# Tethering a D800 - connection



## Marc Lucas (Dec 7, 2017)

Hi

The Tether tools orange cable connecting to the D800 is constantly coming loose from the camera. The actual connect is not that tight so is there an additional bracket or some kind of connector that I can fix to the camera so it doesn't come loose. I have contacted Tether Tools but they haven't replied.

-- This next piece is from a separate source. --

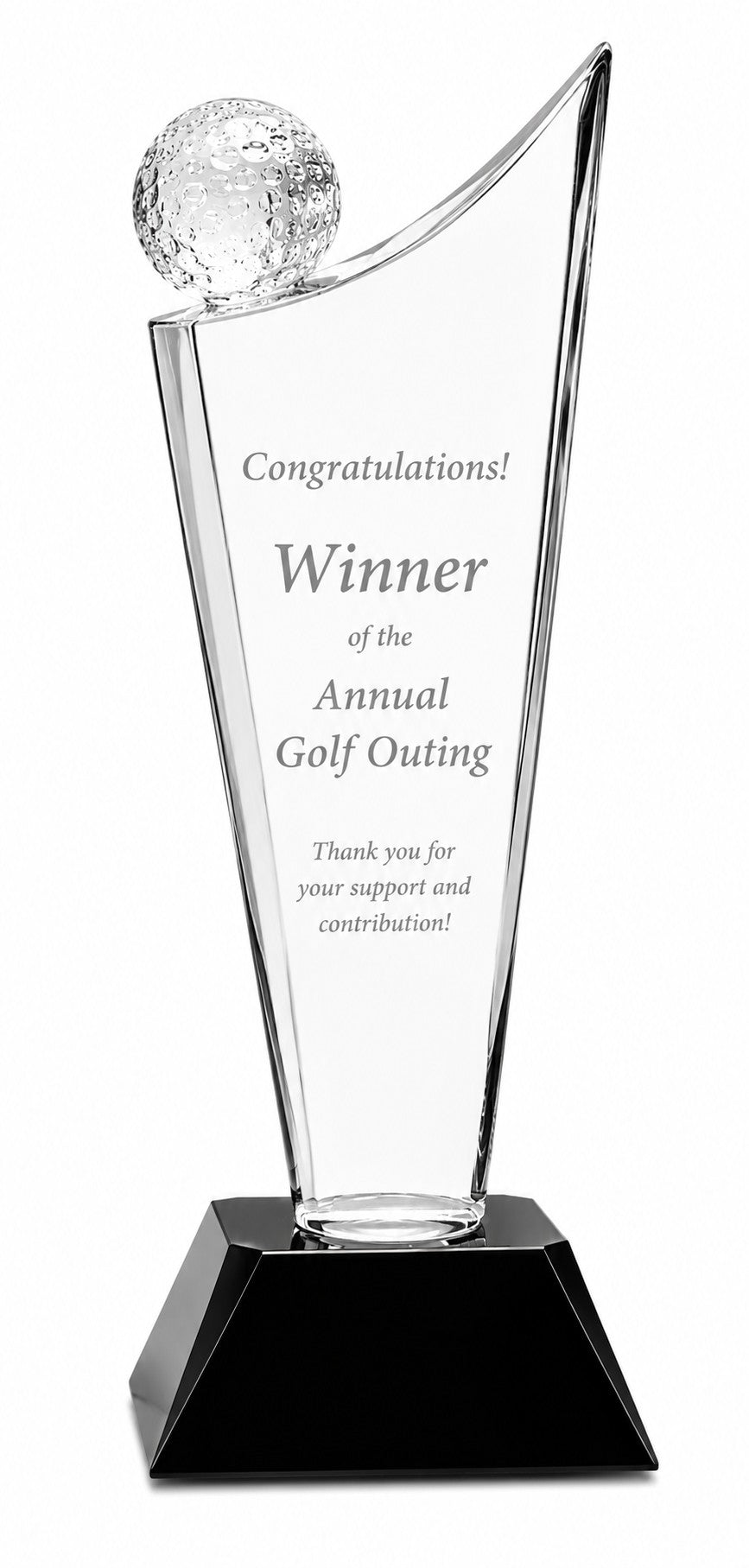 Personalized Crystal Golf Ball With Wave Column and Black Crystal Base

There are various other things in the video world to connect USB & HDMIs to cameras so the cables don't come out but haven't seen any for this scenario

This is the connection


----------



## RikkFlohr (Dec 7, 2017)

Gaffer's tape works wonders.


----------



## Linwood Ferguson (Dec 8, 2017)

My boxes are all well up into the attic but didn't it come with a little plastic piece to clip over the cable?


----------



## Linwood Ferguson (Dec 8, 2017)

See bottom right... note I've never used it, indeed am not even sure I still have it, but it says it has one.  Does it not work?


PS.


----------



## clee01l (Dec 8, 2017)

The D810 comes with a similar USB cable clamp that attaches to the door and door housing. Because it is more robust than the one that shipped with the D800/E, I think this was an issue that was corrected in the D810. I've never used one for either my D800E or D810 as I don't often tether.


----------